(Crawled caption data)
════════════════
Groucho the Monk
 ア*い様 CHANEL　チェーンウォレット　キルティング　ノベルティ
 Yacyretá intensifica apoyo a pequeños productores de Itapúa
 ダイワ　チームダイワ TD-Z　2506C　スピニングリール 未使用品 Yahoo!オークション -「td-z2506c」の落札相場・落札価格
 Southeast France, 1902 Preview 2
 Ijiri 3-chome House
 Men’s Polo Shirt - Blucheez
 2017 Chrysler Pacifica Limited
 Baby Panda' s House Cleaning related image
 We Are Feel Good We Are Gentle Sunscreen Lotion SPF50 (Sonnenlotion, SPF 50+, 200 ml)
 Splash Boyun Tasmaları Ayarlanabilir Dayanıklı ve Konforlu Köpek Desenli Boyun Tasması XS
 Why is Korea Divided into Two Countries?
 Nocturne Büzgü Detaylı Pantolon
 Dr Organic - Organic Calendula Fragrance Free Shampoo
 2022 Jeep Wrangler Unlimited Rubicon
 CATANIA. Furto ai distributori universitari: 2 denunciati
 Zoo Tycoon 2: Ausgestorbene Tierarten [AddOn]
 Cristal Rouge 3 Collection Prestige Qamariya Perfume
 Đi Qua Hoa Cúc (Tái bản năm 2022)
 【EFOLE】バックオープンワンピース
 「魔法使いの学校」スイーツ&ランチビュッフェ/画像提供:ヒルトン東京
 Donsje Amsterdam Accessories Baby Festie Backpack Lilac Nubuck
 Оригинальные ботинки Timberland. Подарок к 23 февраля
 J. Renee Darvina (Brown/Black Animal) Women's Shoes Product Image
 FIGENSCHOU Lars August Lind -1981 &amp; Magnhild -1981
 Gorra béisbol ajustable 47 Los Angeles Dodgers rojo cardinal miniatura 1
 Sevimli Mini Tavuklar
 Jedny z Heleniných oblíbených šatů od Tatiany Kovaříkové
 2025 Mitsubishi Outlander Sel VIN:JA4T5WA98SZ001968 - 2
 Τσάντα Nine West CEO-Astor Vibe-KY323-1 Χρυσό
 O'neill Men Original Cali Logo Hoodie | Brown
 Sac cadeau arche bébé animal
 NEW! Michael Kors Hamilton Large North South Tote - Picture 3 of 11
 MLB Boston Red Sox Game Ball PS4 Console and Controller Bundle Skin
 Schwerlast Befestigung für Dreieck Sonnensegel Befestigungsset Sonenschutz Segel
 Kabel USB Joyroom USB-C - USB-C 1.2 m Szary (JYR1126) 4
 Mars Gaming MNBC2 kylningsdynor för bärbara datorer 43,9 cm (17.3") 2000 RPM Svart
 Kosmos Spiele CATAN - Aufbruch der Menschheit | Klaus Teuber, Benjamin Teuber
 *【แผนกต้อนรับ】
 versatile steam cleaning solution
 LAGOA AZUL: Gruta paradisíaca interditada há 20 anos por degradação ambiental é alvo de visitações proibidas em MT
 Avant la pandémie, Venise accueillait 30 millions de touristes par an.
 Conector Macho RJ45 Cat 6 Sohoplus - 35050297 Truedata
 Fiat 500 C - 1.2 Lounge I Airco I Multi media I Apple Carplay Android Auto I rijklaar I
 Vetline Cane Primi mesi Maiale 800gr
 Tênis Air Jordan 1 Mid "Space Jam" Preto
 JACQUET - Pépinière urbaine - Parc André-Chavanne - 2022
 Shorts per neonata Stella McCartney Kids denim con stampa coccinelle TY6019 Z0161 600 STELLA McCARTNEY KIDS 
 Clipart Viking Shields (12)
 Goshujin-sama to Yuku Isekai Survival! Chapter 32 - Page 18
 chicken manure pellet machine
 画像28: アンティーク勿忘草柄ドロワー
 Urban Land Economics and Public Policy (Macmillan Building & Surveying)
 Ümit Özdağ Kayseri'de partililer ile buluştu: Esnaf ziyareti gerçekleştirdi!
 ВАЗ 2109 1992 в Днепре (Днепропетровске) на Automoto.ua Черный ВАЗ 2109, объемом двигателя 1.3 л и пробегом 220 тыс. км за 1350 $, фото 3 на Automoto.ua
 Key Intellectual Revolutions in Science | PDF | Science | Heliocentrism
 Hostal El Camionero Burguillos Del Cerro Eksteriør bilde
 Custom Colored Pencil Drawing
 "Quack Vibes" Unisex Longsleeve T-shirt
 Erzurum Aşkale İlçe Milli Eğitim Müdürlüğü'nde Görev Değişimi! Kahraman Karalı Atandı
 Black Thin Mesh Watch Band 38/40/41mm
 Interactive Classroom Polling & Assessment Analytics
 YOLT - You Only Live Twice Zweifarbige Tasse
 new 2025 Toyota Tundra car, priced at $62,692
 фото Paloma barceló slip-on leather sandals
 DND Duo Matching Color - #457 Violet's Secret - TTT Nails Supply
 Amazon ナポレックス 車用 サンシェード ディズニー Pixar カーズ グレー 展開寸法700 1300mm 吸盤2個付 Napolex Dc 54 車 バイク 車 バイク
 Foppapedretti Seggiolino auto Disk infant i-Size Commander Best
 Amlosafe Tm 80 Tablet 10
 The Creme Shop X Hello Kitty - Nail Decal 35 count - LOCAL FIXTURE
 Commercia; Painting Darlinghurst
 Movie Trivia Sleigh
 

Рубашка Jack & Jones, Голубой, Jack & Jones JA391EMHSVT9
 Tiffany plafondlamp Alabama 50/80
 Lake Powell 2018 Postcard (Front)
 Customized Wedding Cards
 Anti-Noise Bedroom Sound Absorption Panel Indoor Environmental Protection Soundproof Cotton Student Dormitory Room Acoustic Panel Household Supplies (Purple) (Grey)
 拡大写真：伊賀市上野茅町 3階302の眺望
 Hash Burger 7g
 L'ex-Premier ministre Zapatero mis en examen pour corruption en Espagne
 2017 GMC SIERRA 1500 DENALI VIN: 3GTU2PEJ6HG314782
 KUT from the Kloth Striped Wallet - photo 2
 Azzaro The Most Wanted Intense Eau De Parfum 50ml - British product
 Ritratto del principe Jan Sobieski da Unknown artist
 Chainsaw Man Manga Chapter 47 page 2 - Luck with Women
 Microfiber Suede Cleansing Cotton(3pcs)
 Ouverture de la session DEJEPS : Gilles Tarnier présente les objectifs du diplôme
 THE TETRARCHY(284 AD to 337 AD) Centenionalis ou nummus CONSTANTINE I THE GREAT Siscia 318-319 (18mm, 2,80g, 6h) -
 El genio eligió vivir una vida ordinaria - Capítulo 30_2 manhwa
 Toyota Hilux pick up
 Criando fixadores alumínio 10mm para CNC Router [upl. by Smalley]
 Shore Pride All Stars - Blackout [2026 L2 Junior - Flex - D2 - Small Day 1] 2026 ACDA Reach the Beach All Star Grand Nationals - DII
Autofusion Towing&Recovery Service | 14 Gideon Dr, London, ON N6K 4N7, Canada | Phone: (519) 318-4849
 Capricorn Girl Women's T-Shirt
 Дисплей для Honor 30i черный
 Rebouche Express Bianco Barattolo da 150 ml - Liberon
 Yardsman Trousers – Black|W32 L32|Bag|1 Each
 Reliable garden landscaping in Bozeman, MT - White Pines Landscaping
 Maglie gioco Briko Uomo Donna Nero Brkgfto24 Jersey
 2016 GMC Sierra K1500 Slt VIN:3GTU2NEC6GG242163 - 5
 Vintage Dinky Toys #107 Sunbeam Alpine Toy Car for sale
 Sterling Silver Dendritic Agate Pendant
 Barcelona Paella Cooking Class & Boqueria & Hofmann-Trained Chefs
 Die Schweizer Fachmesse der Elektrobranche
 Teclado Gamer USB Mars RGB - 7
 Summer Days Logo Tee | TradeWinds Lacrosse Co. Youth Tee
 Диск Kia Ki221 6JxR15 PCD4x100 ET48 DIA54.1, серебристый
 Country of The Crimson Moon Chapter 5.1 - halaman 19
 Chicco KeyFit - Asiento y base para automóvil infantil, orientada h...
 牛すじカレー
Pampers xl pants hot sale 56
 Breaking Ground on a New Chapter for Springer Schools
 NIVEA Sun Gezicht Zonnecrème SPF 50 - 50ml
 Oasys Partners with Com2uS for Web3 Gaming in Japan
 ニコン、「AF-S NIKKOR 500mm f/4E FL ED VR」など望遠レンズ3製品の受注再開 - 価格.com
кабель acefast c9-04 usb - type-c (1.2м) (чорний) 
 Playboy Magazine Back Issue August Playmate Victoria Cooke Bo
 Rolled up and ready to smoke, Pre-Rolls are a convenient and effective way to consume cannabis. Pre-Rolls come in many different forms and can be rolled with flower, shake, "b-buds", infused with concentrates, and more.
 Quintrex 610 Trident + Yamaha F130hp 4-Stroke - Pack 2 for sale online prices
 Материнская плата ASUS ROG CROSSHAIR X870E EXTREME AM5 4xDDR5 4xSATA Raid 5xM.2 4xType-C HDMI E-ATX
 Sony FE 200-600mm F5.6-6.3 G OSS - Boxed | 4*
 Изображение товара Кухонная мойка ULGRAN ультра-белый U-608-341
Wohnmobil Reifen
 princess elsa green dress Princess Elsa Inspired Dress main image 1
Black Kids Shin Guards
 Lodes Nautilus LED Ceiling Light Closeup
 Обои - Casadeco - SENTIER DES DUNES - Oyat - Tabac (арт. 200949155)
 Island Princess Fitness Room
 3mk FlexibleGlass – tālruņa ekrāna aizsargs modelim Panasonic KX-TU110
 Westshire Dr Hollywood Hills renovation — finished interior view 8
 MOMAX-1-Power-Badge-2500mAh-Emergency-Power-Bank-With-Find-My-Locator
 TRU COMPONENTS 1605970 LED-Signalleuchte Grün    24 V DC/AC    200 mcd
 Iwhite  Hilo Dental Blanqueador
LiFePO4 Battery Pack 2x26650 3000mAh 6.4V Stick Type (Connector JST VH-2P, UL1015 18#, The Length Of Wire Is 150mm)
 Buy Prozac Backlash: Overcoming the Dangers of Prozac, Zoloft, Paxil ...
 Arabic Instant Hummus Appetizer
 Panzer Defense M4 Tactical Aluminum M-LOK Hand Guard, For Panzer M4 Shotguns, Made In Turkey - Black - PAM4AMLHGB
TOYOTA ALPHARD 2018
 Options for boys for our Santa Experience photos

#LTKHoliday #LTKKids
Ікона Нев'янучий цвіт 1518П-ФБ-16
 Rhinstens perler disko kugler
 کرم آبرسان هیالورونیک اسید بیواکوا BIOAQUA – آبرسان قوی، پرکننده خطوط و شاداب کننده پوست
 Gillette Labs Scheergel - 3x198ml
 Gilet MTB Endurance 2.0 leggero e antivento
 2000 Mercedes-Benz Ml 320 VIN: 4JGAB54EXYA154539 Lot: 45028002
════════════════
> [Your goal]
Produce an exact copy of the lines from the one containing "کرم آبرسان هیالورونیک" through the final line of the data, both ends included, and only those.

> [Answer box]
 کرم آبرسان هیالورونیک اسید بیواکوا BIOAQUA – آبرسان قوی، پرکننده خطوط و شاداب کننده پوست
 Gillette Labs Scheergel - 3x198ml
 Gilet MTB Endurance 2.0 leggero e antivento
 2000 Mercedes-Benz Ml 320 VIN: 4JGAB54EXYA154539 Lot: 45028002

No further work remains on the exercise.